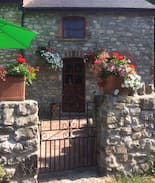 Oldwalls Cabin | The Stable at Mount Pleasant. Llanrhidian SA31EH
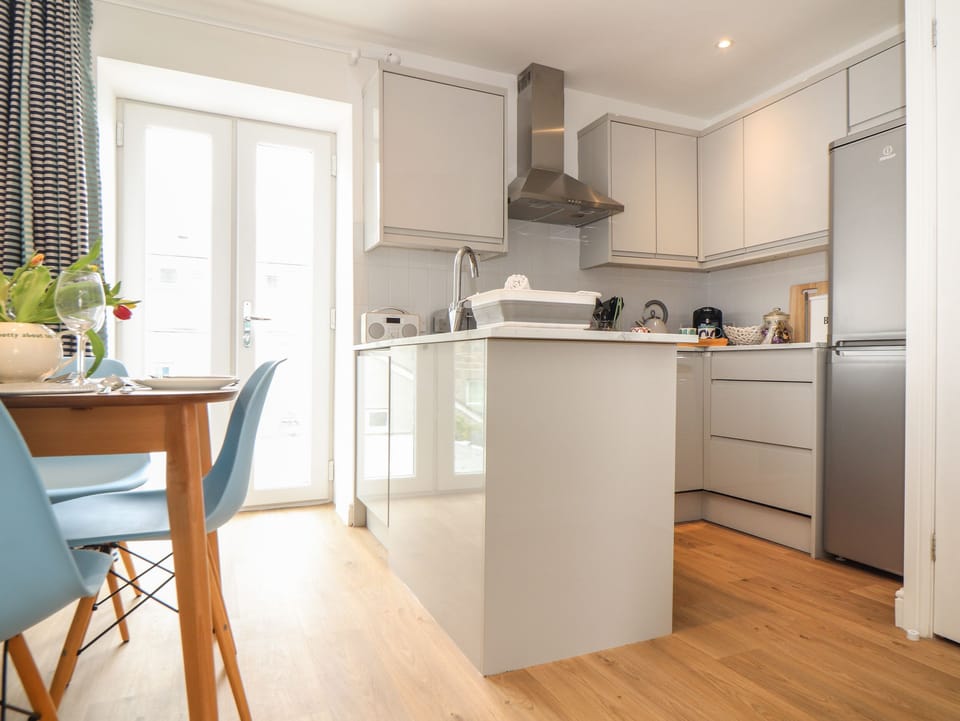 Fridge, dishwasher, electric kettle, toaster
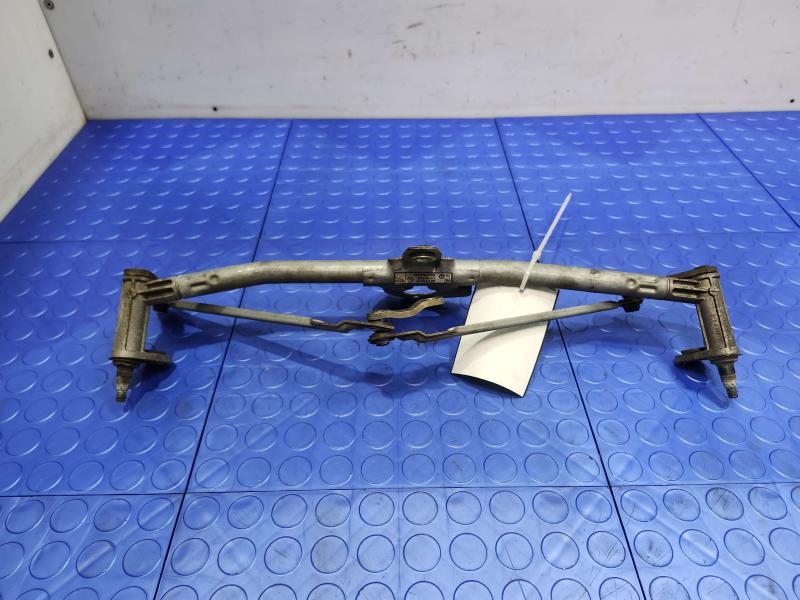 2005 Volkswagen Jetta Wiper Trans. Linkage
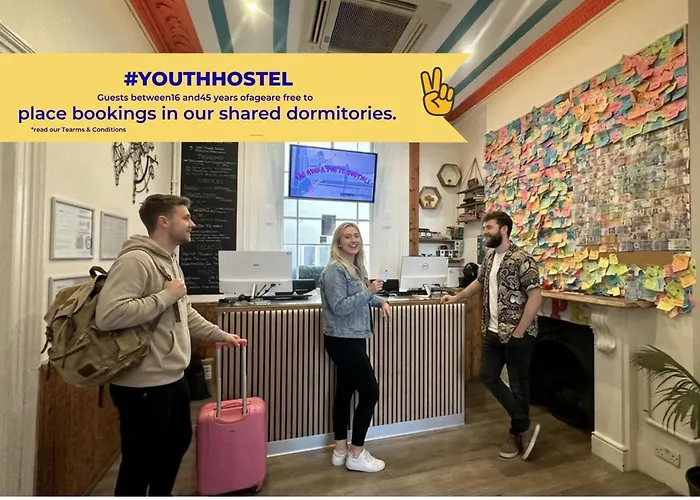 Smart Hyde Park Inn Hostel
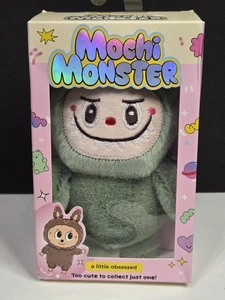 Mochi Monster Plüsch Charm - Squishy Sammlerstück Plüschtier • Grünes Monster • Neu - Bild 1 von 5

— Task description —
After removing each picture, print the entries above exactly as they were.

— Task solution —
 Oldwalls Cabin | The Stable at Mount Pleasant. Llanrhidian SA31EH
 Fridge, dishwasher, electric kettle, toaster
 2005 Volkswagen Jetta Wiper Trans. Linkage
 Smart Hyde Park Inn Hostel
 Mochi Monster Plüsch Charm - Squishy Sammlerstück Plüschtier • Grünes Monster • Neu - Bild 1 von 5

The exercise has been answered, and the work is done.